:: EXERCISE INSTRUCTIONS ::
All pictures are to be excluded when the data below is output verbatim.

(Web page caption snippets)
================================
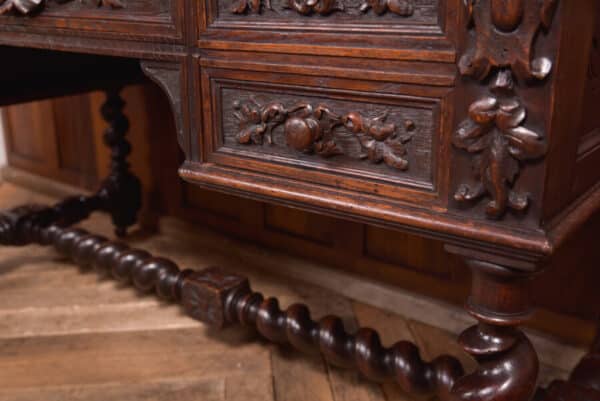 Oak Carved Writing Desk SAI2378 - Image 5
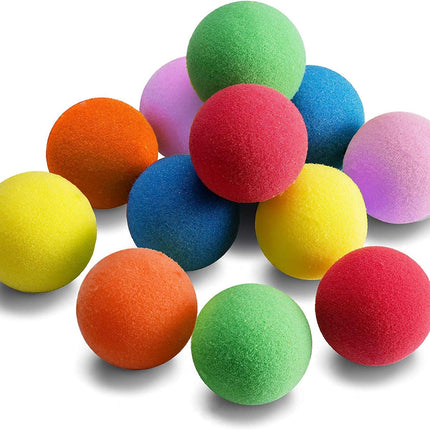 12 Pack Soft Foam Balls for Kids, 6cm Lightweight EVA Play Balls, Assorted Colours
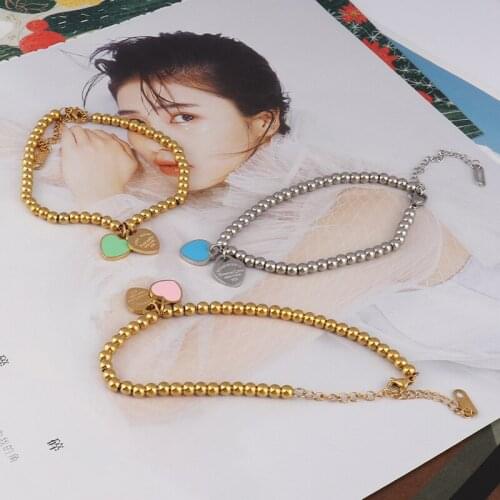 Stainless Steel Bracelet Bead Bracelets For Women Heart Pendant Bracelets Love Heart Bead Bracelet Geometric Bracelet Jewelry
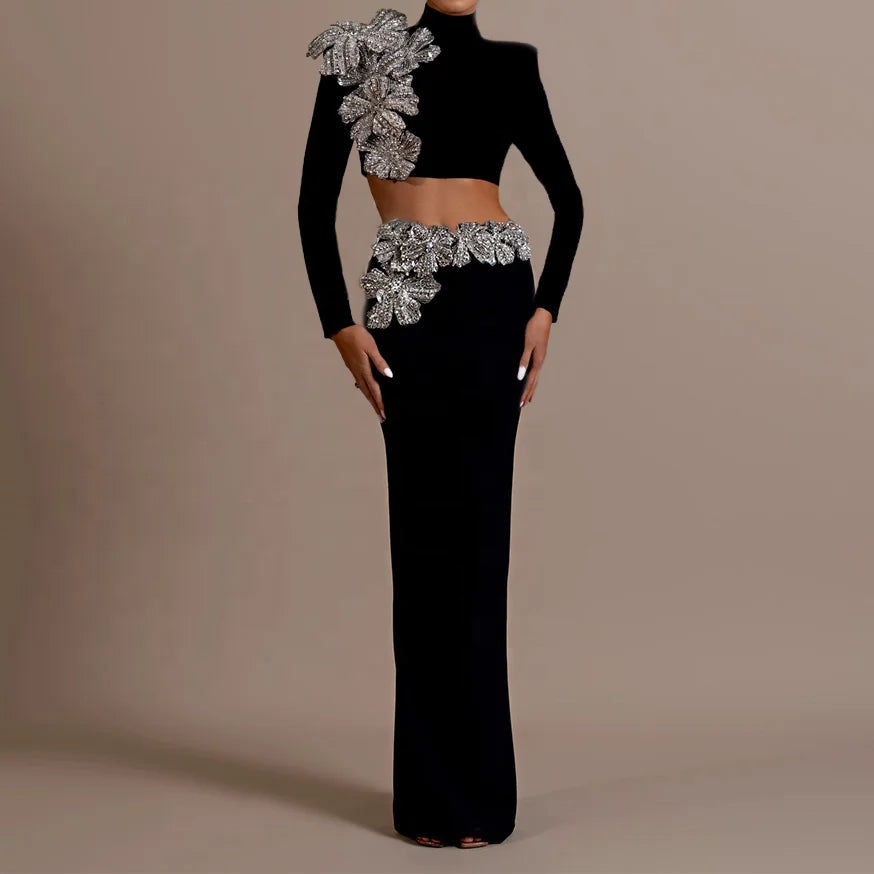Wholesale Women Fashion Street Black Two Pieces Chic Flower Diamonds Full Sleeves Top & Fit Wrapped Hip Skirt Bandage Dress Set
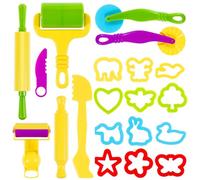 Lictin Dough Tools and Cutters, 20Pcs Kids Toddlers Modeling Clay Tools Set, Plastic Dough Accessories Clay Extruders Rollers Molds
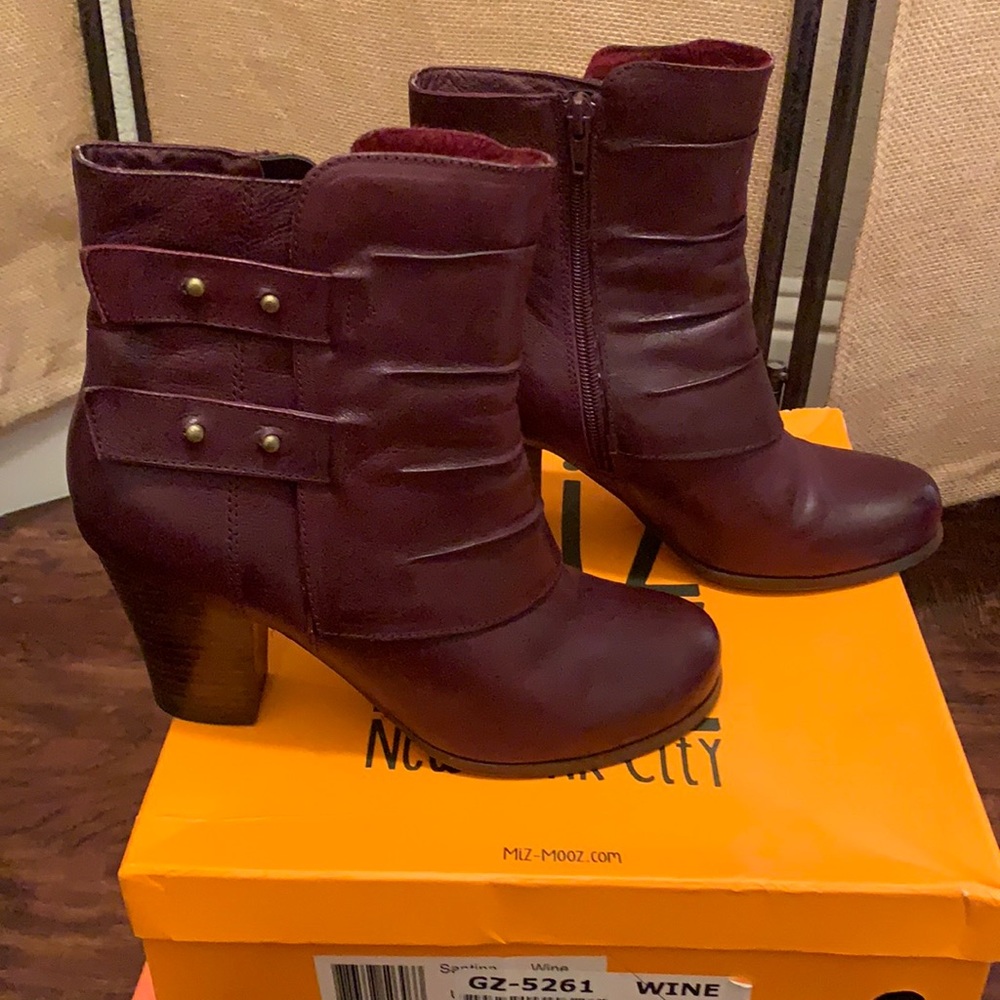 Miz Mooz- New Wine color leather boots SZ 8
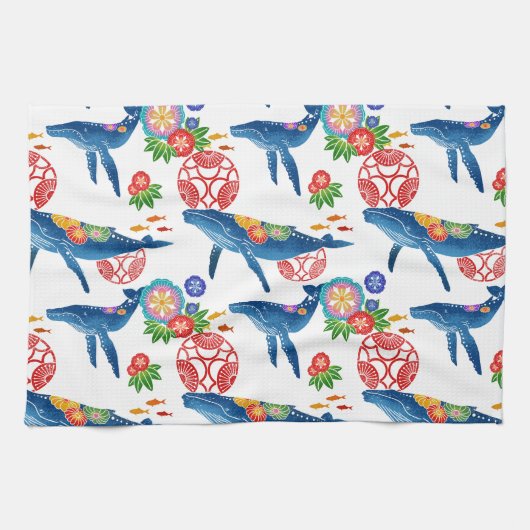 Linge De Cuisine Motif de baleines à l'okianawan bingata (Horizontal)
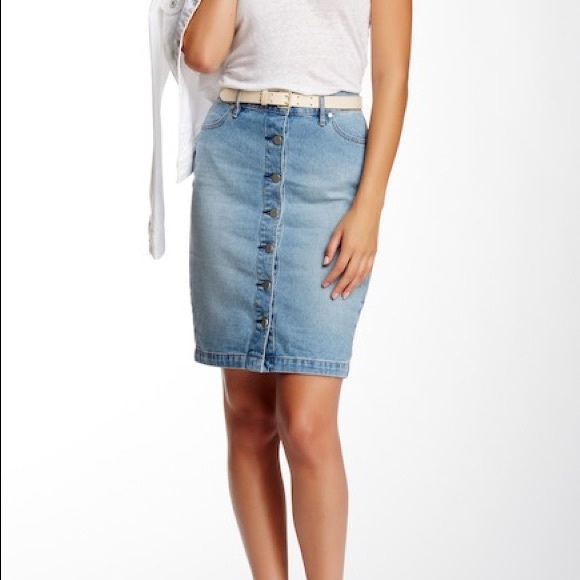 Merose and the Market Front Button Denim Skirt - Picture 2 of 6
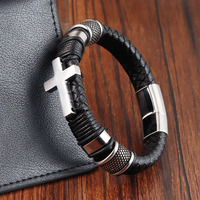 Bracelet en cuir tressé personnalisé, design rétro punk croisé en acier inoxydable, pour e-commerce transfrontalier L20299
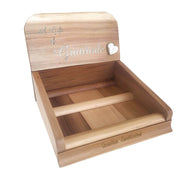 Elevate your presentation with a Gratitude Gift Pre-Pack Counter Display crafted from natural red cedar. Adorned with silver lettering engraved with 'a gift of gratitude', featuring a white stone heart affixed to the front. Spot a gold engraving at the base proclaiming 'Canadian HandCrafted'.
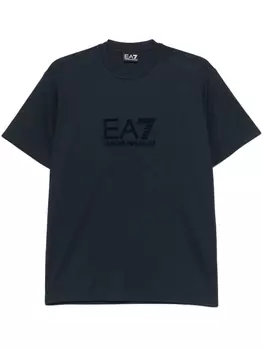 Футболка Ea7 Emporio Armani с флокированным логотипом, синий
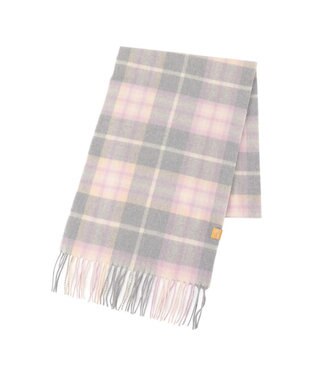 MOONBAT WEB限定【洗える】ミエル (miel) カシミヤ100％ チェックマフラー ライトグレー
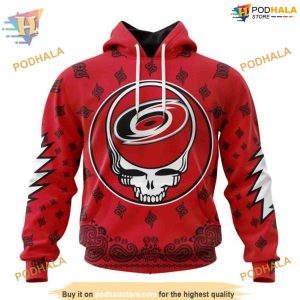 Custom Grateful Dead Design NHL Carolina Hurricanes Hoodie 3D Sweatshirt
================================
:: PROBLEM SOLUTION ::
 Oak Carved Writing Desk SAI2378 - Image 5
 12 Pack Soft Foam Balls for Kids, 6cm Lightweight EVA Play Balls, Assorted Colours
 Stainless Steel Bracelet Bead Bracelets For Women Heart Pendant Bracelets Love Heart Bead Bracelet Geometric Bracelet Jewelry
Wholesale Women Fashion Street Black Two Pieces Chic Flower Diamonds Full Sleeves Top & Fit Wrapped Hip Skirt Bandage Dress Set
 Lictin Dough Tools and Cutters, 20Pcs Kids Toddlers Modeling Clay Tools Set, Plastic Dough Accessories Clay Extruders Rollers Molds
 Miz Mooz- New Wine color leather boots SZ 8
 Linge De Cuisine Motif de baleines à l'okianawan bingata (Horizontal)
 Merose and the Market Front Button Denim Skirt - Picture 2 of 6
 Bracelet en cuir tressé personnalisé, design rétro punk croisé en acier inoxydable, pour e-commerce transfrontalier L20299
 Elevate your presentation with a Gratitude Gift Pre-Pack Counter Display crafted from natural red cedar. Adorned with silver lettering engraved with 'a gift of gratitude', featuring a white stone heart affixed to the front. Spot a gold engraving at the base proclaiming 'Canadian HandCrafted'.
 Футболка Ea7 Emporio Armani с флокированным логотипом, синий
 MOONBAT WEB限定【洗える】ミエル (miel) カシミヤ100％ チェックマフラー ライトグレー
 Custom Grateful Dead Design NHL Carolina Hurricanes Hoodie 3D Sweatshirt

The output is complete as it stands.